Sherlock Gnomes

Nach einem gleichermaßen mauen wie lieblosen ersten Teil kehren die animierten Gartenzwerge in SHERLOCK GNOMES zurück auf die Leinwand – und machen überraschend viel Spaß! Mehr dazu verrate ich in meiner Kritik.

Der Plot

Nachdem der Streit zwischen den beiden Gartenzwerg-Familien Zinnoberrot und Blaublut endlich begraben werden konnte und Gnomeo seine Julia heiraten durfte, begeben sich die einstigen Rivalen gemeinsam nach London und leben dort friedlich Gartenzaun an Gartenzaun. Nichts kann das Zwergen-Idyll stören, so scheint es. Doch dann verschwinden plötzlich Gartenzwerge spurlos in der ganzen Stadt, was die heile Zwergen-Welt gehörig aus den Fugen geraten lässt. Die Lage ist knifflig, aber Gnomeo und Julia bekommen professionelle Unterstützung vom furchtlosen Beschützer der Gartenzwerge – keinem Geringeren als dem berühmten Meisterdetektiv Sherlock Gnomes. Gemeinsam mit ihm und seinem Assistenten Watson begeben sie sich auf ein bis in die Zipfelmützen spannendes Abenteuer mit der Mission: Rettet die Gartenzwerge!

Kritik

Die Entstehungsgeschichte der „Gnome“-Animationsreihe ist schnell erklärt: Elton Johns Produktionsfirma Rocket Pictures pitchte dem Disneykonzern einst die Idee für eine Art „verfilmtes Best-Of-Album“ der größten Hits des weltberühmten Musikers. Die Idee gefiel, die Rechte wurden übertragen und ein Plot um die Aneinanderreihung möglichst vieler Songs gesponnen. Dabei herausgekommen ist „Gnomeo und Julia“ – eine Neuinterpretation des beliebten Shakespeare-Stoffes, nur eben mit Gartenzwergen (in Englisch: Gnome), anstatt mit Menschen. Das klingt so lieblos, wie sich das Endergebnis schließlich präsentierte. So schob man das Projekt kurzerhand zu Touchstone Pictures, wo man das Franchise nach einem eher mauen Release und vernichtenden Kritiken ebenfalls nicht mehr haben wollte. Das Sequel sicherte sich schließlich Paramount Pictures, wo man aufgrund bestehender Verträge immerhin noch eine ganze Reihe namhafter Sprecher für sich gewinnen konnte. Der Synchron-Cast liest sich nämlich phänomenal: Johnny Depp, Emily Blunt, Chiwetel Ejiofor, James McAvoy und Mary J. Blidge sind nur ein paar von noch weitaus mehr Stars, die in „Sherlock Gnomes“ in den Hauptrollen zu hören sind.
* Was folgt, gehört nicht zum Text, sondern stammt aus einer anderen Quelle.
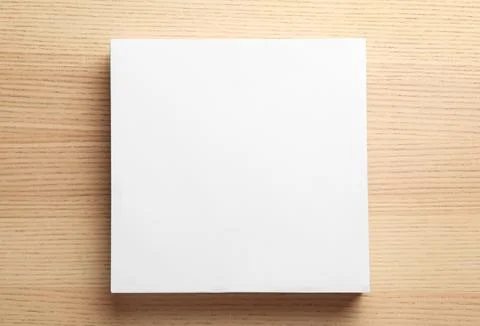 Stack of blank paper sheets for brochure on wooden background, top view. Mock Stock Photos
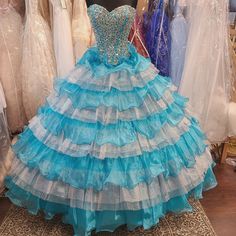 Blue Embellished Ball Gown With Fitted Bodice, Blue Ball Gown With Fitted Bodice For Pageant, Blue Ball Gown With Fitted Bodice For Pageants, Blue Princess Gown With Ruffles, Princess Style Blue Gown With Ruffles, Light Blue Ball Gown For Pageant, Blue Gown With Fitted Bodice For Quinceanera, Embellished Blue Dress For Quinceanera, Blue Ball Gown For Prom Season Pageant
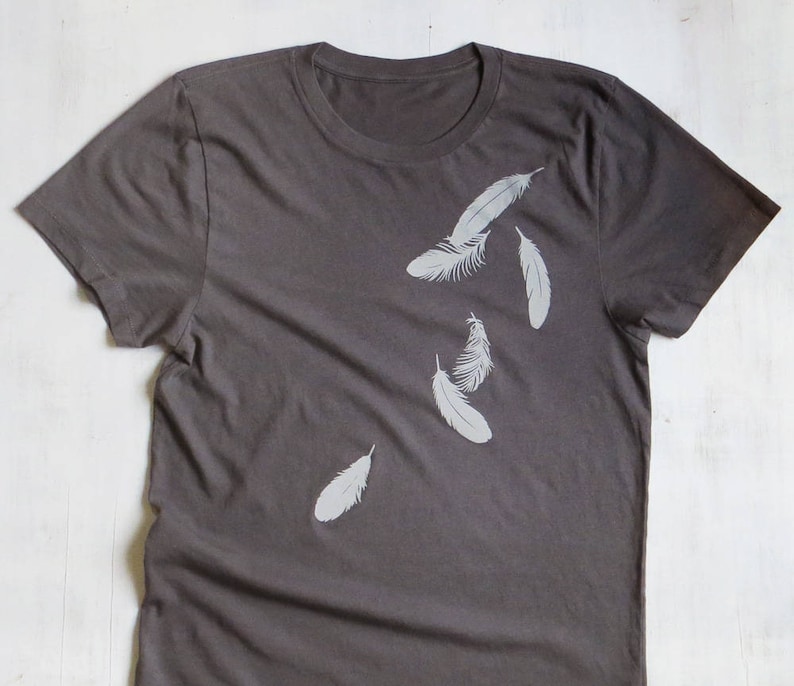 May include: A dark gray t-shirt with a white feather design. The feathers are scattered across the shirt in a random pattern.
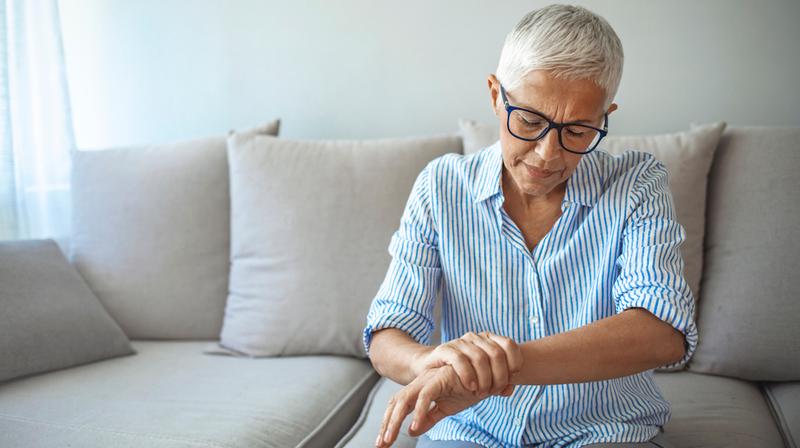 A senior woman looks down at her wrist with concern while sitting on the sofa at home in her livingroom.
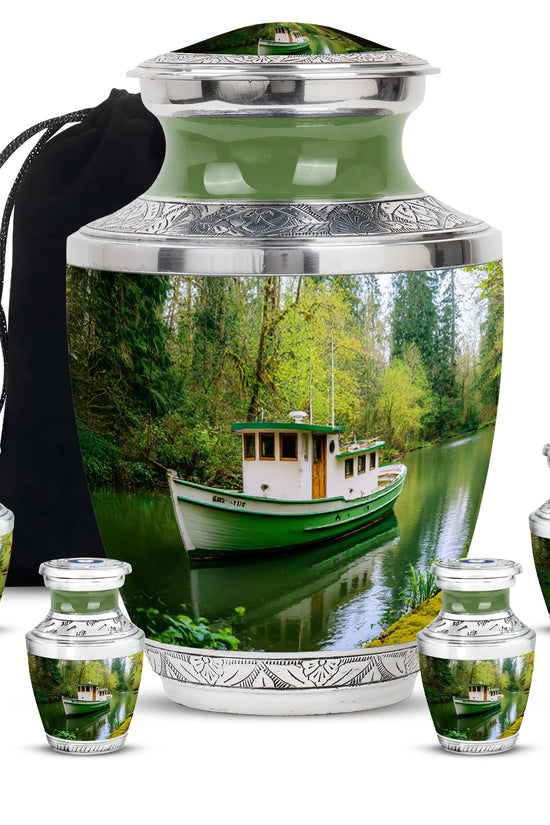Moss Green Boat Cremation Urn lifestyle display on memorial shelf - modern art-inspired boat motif on sleek aluminum - memorial set with one large and four small urns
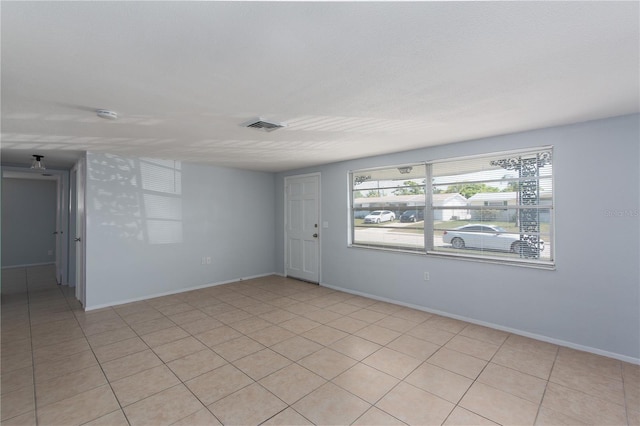 unfurnished room featuring visible vents, baseboards, and light tile patterned flooring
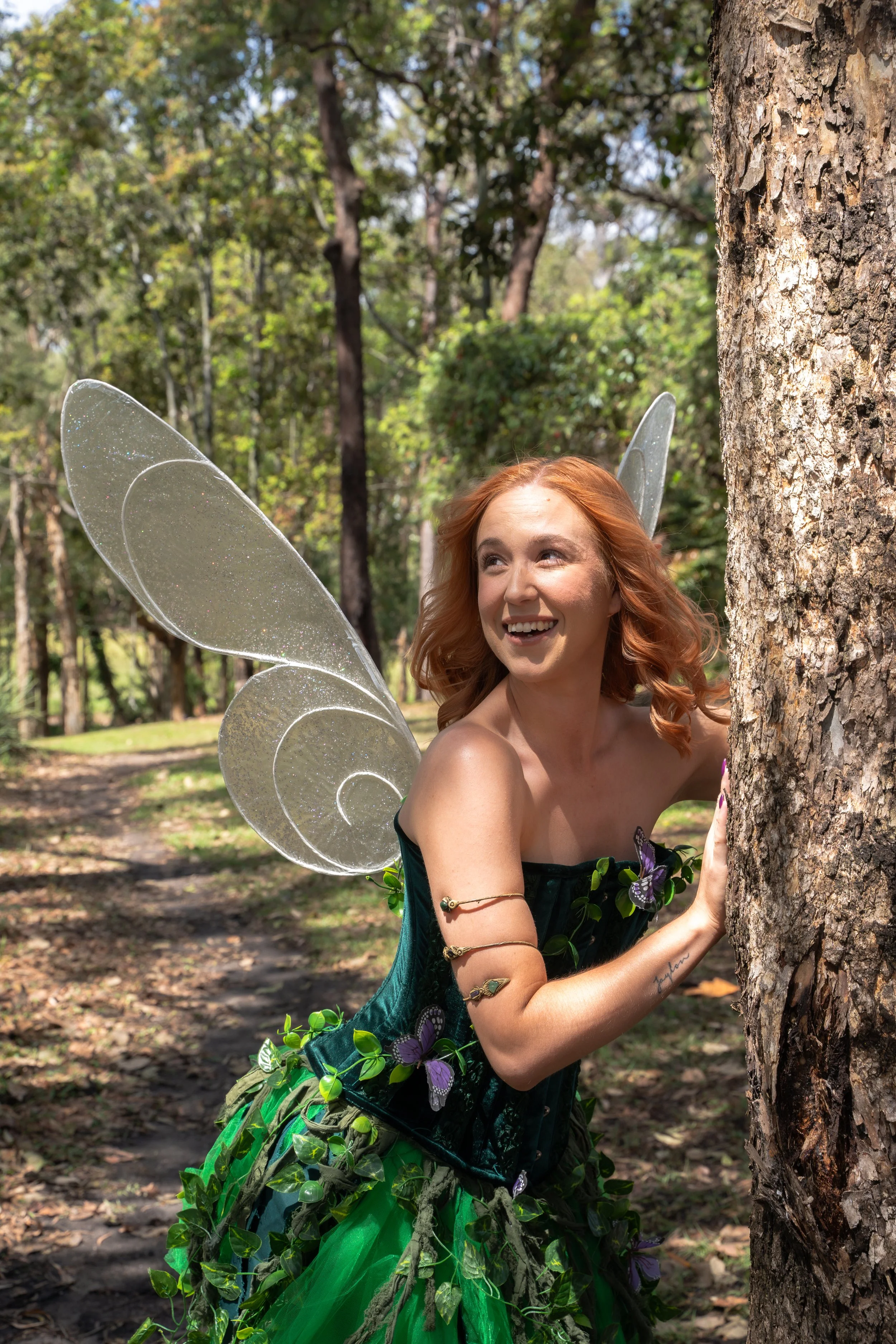 A young woman dressed as a fairy with butterfly wings and a green leafy dress is peeking out from behind a tree in a wooded outdoor setting, smiling and looking to the side.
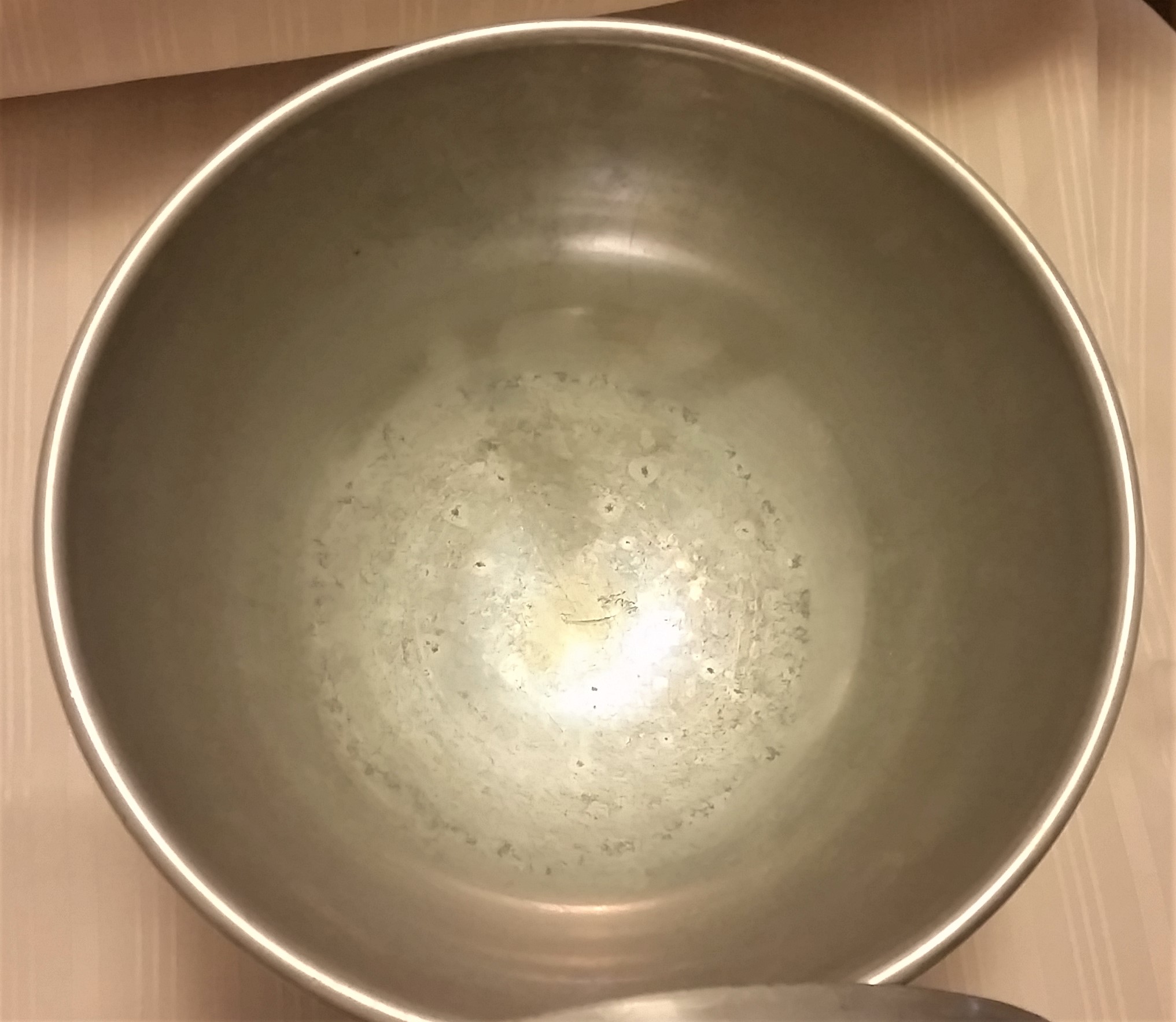large covered pewter style dish inside bowl.jpg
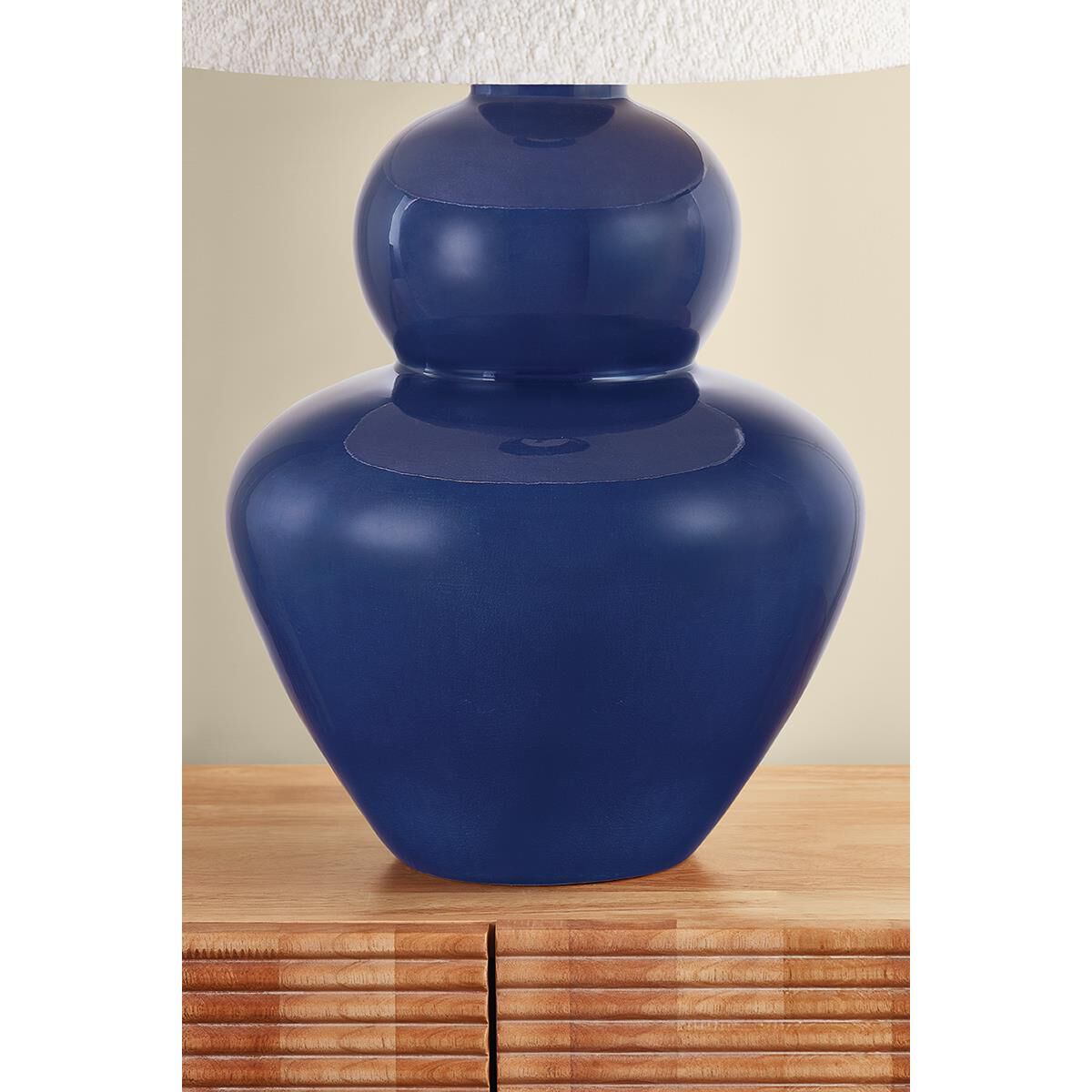 Shown in Aged Brass and Ceramic Egyptian Blue finish and Boucle shade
Mit denen kann man in der deutschen Fassung zwar nicht punkten (immerhin: hier griff man auf die Stammsprecher sämtlicher involvierter Schauspieler zurück), aber überraschenderweise macht die Fortsetzung dann doch um Einiges mehr Spaß, als der langweilige Auftakt, auch wenn man sich munter an allen möglichen Animations- und Abenteuerfilmkonzepten der vergangenen Jahre bedient.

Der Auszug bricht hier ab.